Puzzle

It’s coming to the end of the year, which can only mean one thing: time for this year’s Robot Javelin finals! Whoa wait, you’ve never heard of Robot Javelin? Well then! Allow me to explain the rules:

It’s head-to-head. Each of two robots makes their first throw, whose distance is a real number drawn uniformly from $[0, 1]$.
Then, without knowledge of their competitor’s result, each robot decides whether to keep their current distance or erase it and go for a second throw, whose distance they must keep (it is also drawn uniformly from $[0, 1]$).
The robot with the larger final distance wins.

This year’s finals pits your robot, Java-lin, against the challenger, Spears Robot. Now, robots have been competing honorably for years and have settled into the Nash equilibrium for this game. However, you have just learned that Spears Robot has found and exploited a leak in the protocol of the game. They can receive a single bit of information telling them whether their opponent’s first throw (distance) was above or below some threshold d of their choosing before deciding whether to go for a second throw. Spears has presumably chosen d to maximize their chance of winning — no wonder they made it to the finals!

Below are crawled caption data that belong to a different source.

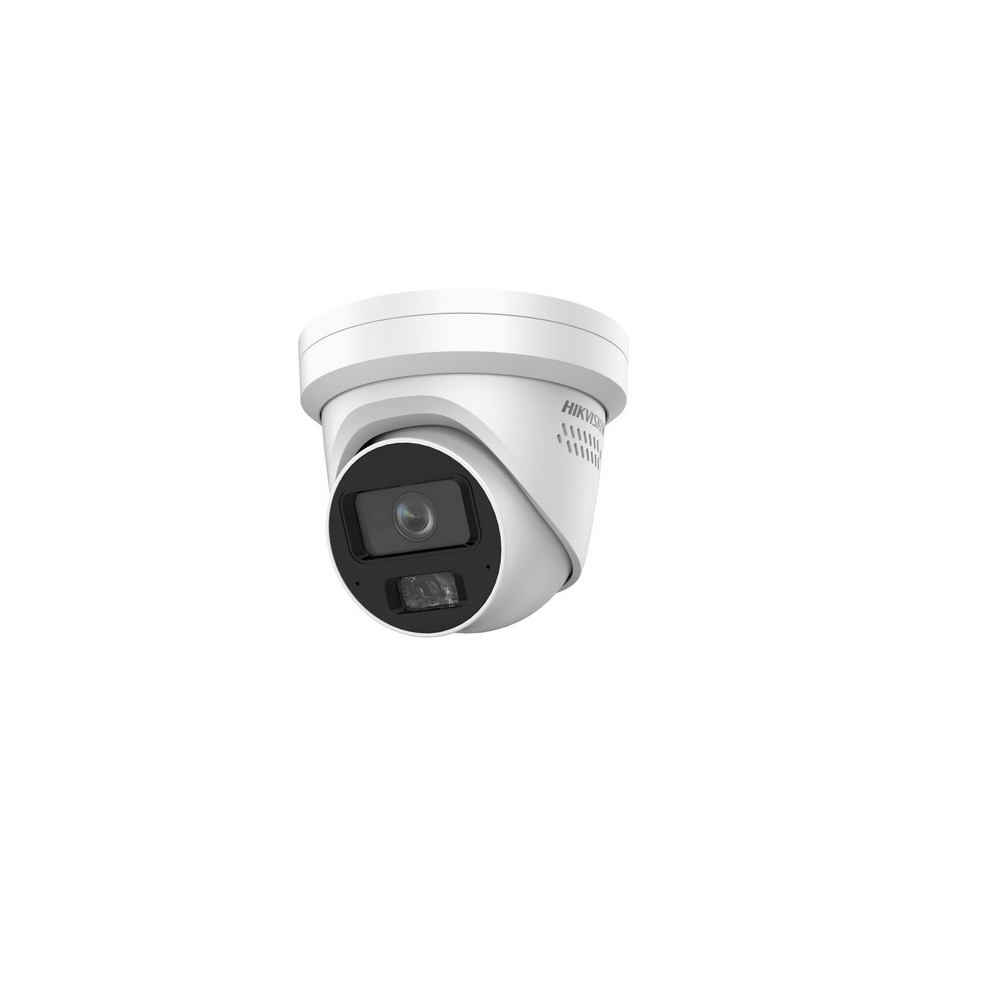 4 MP DarkfighterS DeepinView Fixed Turret Network Camera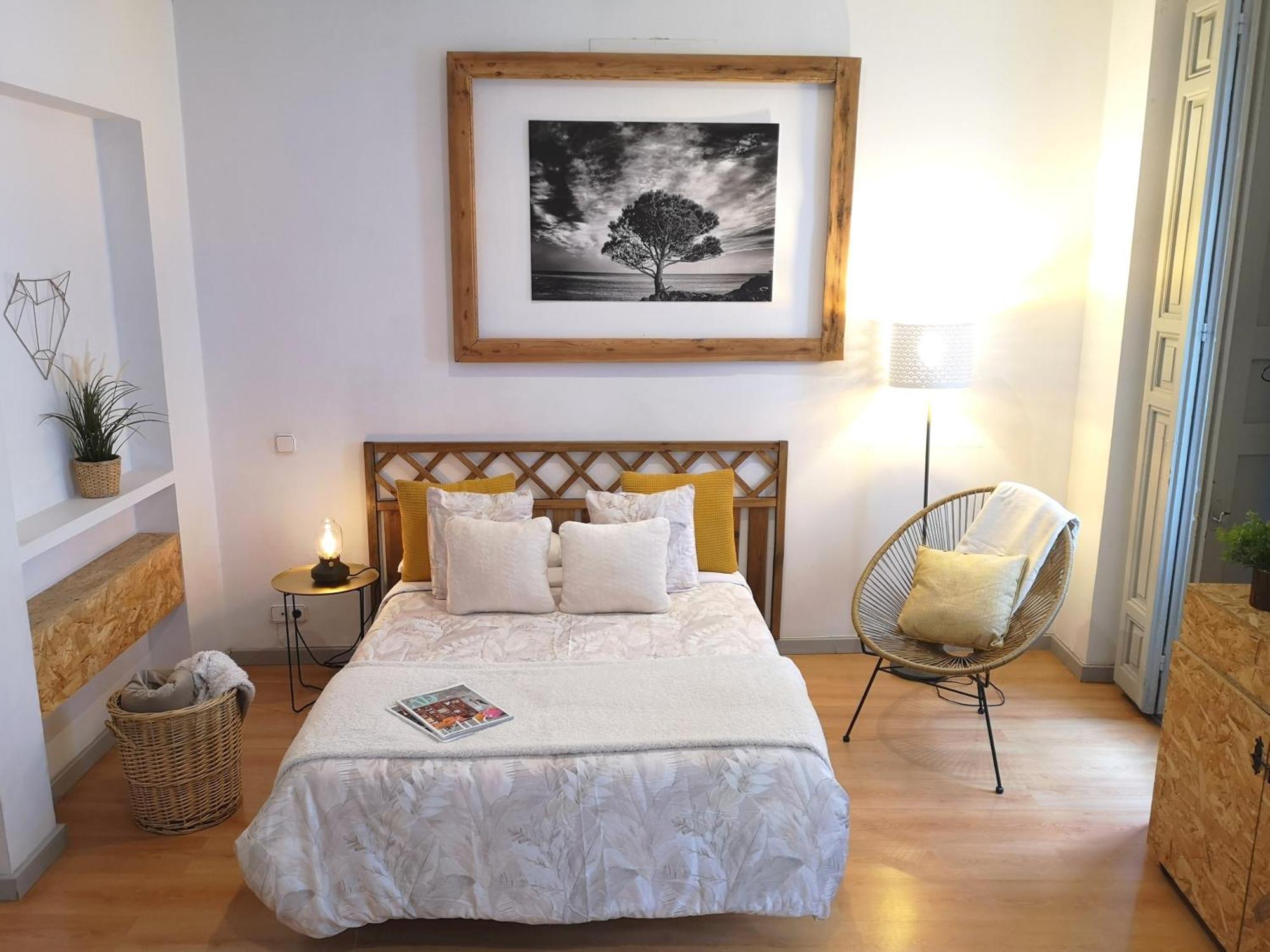 Apartamentos Fucar มาดริด ห้อง รูปภาพ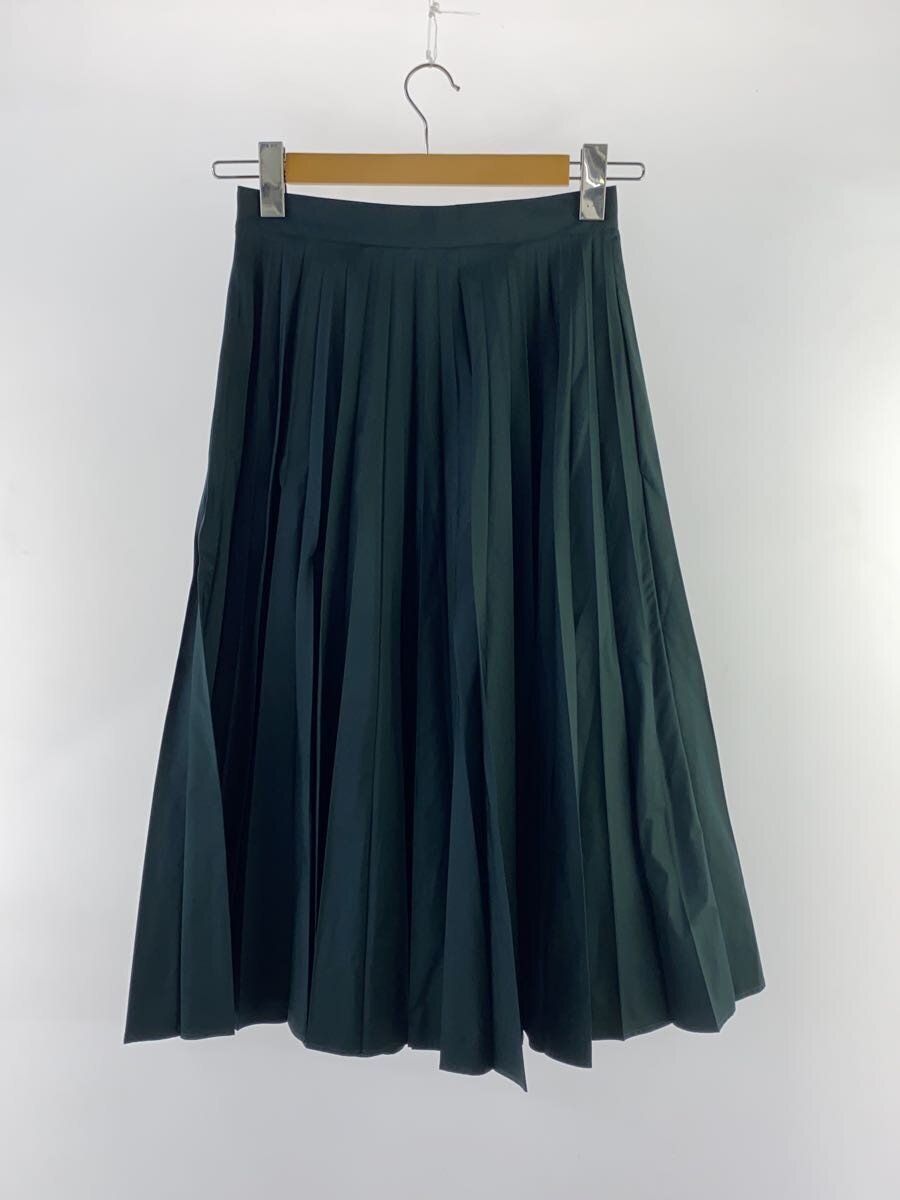 MARGARET HOWELL / スカート/1/ポリエステル/GRN/578-1232008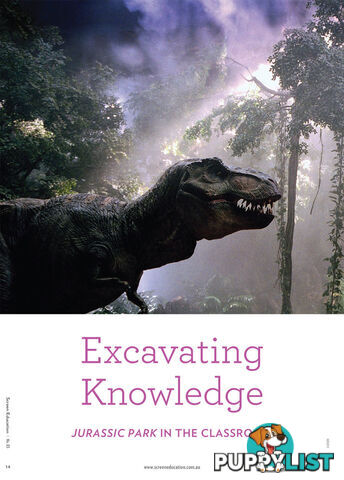 Excavating Knowledge: Jurassic Park in the Classroom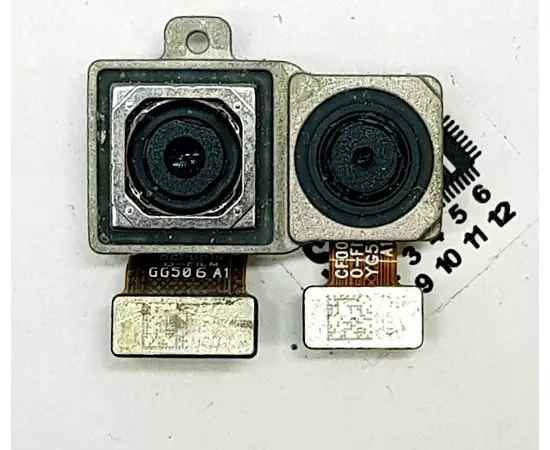 Камеры основные Huawei Honor 6X BLN-L21:SHOP.IT-PC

Spears Robot isn’t aware that you’ve learned this fact; they are assuming Java-lin is using the Nash equilibrium. If you were to adjust Java-lin’s strategy to maximize its odds of winning given this, what would be Java-lin’s updated probability of winning? Please give the answer in exact terms, or as a decimal rounded to 10 places.

Solution

This puzzle can be split into three main parts, each requiring the solution to the last.

Part 1: Standard Nash Equilibrium

We will first consider the original game: two players draw a random number from $[0,1]$. They can either keep their number or redraw it. The player with the higher number wins.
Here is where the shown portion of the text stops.